* _Problem description_: All of the data is to be repeated verbatim.

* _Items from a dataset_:
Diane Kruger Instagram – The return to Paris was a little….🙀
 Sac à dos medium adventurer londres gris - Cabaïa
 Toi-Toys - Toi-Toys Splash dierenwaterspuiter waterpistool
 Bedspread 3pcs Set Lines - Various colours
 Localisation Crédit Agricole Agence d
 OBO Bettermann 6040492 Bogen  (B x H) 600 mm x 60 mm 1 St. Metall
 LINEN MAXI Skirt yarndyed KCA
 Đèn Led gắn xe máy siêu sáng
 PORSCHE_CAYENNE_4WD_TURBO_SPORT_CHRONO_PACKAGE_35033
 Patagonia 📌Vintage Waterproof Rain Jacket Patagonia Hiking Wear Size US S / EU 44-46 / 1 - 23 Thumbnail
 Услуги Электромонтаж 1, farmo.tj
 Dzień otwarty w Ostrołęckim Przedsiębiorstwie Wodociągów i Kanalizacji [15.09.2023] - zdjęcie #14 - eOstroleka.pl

* _Task solution_:
Diane Kruger Instagram – The return to Paris was a little….🙀
 Sac à dos medium adventurer londres gris - Cabaïa
 Toi-Toys - Toi-Toys Splash dierenwaterspuiter waterpistool
 Bedspread 3pcs Set Lines - Various colours
 Localisation Crédit Agricole Agence d
 OBO Bettermann 6040492 Bogen  (B x H) 600 mm x 60 mm 1 St. Metall
 LINEN MAXI Skirt yarndyed KCA
 Đèn Led gắn xe máy siêu sáng
 PORSCHE_CAYENNE_4WD_TURBO_SPORT_CHRONO_PACKAGE_35033
 Patagonia 📌Vintage Waterproof Rain Jacket Patagonia Hiking Wear Size US S / EU 44-46 / 1 - 23 Thumbnail
 Услуги Электромонтаж 1, farmo.tj
 Dzień otwarty w Ostrołęckim Przedsiębiorstwie Wodociągów i Kanalizacji [15.09.2023] - zdjęcie #14 - eOstroleka.pl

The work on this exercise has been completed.